1. To set these parameters to use values higher than the default of 60 seconds in RDBMS_HOME/network/admin/sqlnet.ora, follow these instructions and restart the listener.  There is no need to restart Oracle:

                SQLNET.INBOUND_CONNECT_TIMEOUT = 120

2. To set the INBOUND CONNECT TIMEOUT on listener, first check the existing value.

LSNRCTL> show inbound_connect_timeout
Connecting to (DESCRIPTION=(ADDRESS=(PROTOCOL=IPC)(KEY=EXTPROC1531)))
LISTENER parameter "inbound_connect_timeout" set to 60
The command completed successfully

# Now set the value to 110 seconds
LSNRCTL>set  INBOUND_CONNECT_TIMEOUT_LISTENER=110

Other Areas -

If the application server is using Connection Pool, then following parameters worth to look at. These are standard features offered by various application servers and not the platform/Technology specific.
If you run into a timeout it can mean that your definition of the timeouts in the data-source are not sufficient. The following timeout parameters can be set:

abandoned-connection-timeout
Sets the maximum time that a connection can remain unused before the connection is closed and returned to the cache.
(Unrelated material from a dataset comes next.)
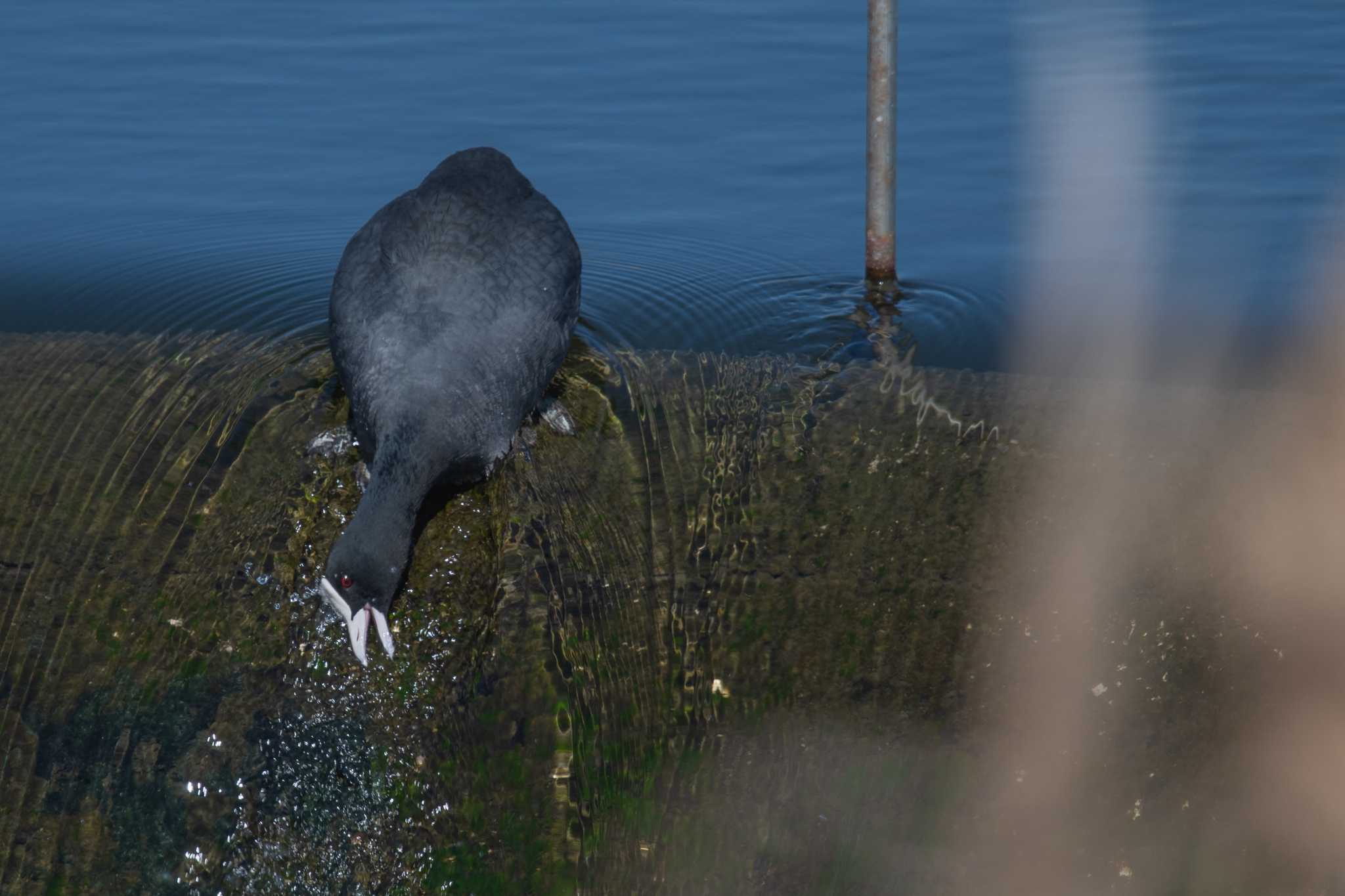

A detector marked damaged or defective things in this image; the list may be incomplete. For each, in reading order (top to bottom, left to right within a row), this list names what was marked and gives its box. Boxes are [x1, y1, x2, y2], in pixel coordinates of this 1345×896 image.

rusty metal pole [866, 0, 898, 291]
A connection is considered unused if it has not had SQL database activity. When AbandonedConnectionTimeout is set, JDBC monitors SQL database activity on each logical connection. For example, when stmt.execute() is invoked on the connection, a heartbeat is registered to convey that this connection is active. The heartbeats are set at each database execution. If a connection has been inactive for the specified amount of time, the underlying connection is reclaimed and returned to the cache for reuse.

time-to-live-timeout
The maximum time, in seconds, a used connection may be active. When this timeout expires, the used connection is unconditionally closed, the relevant statement handles are canceled, and the connection is returned to the connection pool.

Inactivity timeout
Maximum time for which an unused connection can be kept in the pool.

However, there was one caveat here. Even after changing time out value, the connection was still timing out in 60 seconds only. Upon close examination we found out that this home was upgraded from 11.2.0.3 to 11.2.0.4 . 

Normally the SQLNET.ORA file contained in TNS_ADMIN_HOME affects the time out values on DB. In this case the value was modified in 11.2.0.4 home but TNS_ADMIN_HOME  was pointing to 11.2.0.3 home hence the new time out value was not reflecting. So there are 2 ways to fix it.
1. Either update TNS_ADMIN value to 11.2.0.4 home
2. Modify the 11.2.0.3 home SQLNET.ORA file. 

Once we fixed it the issue got resolved.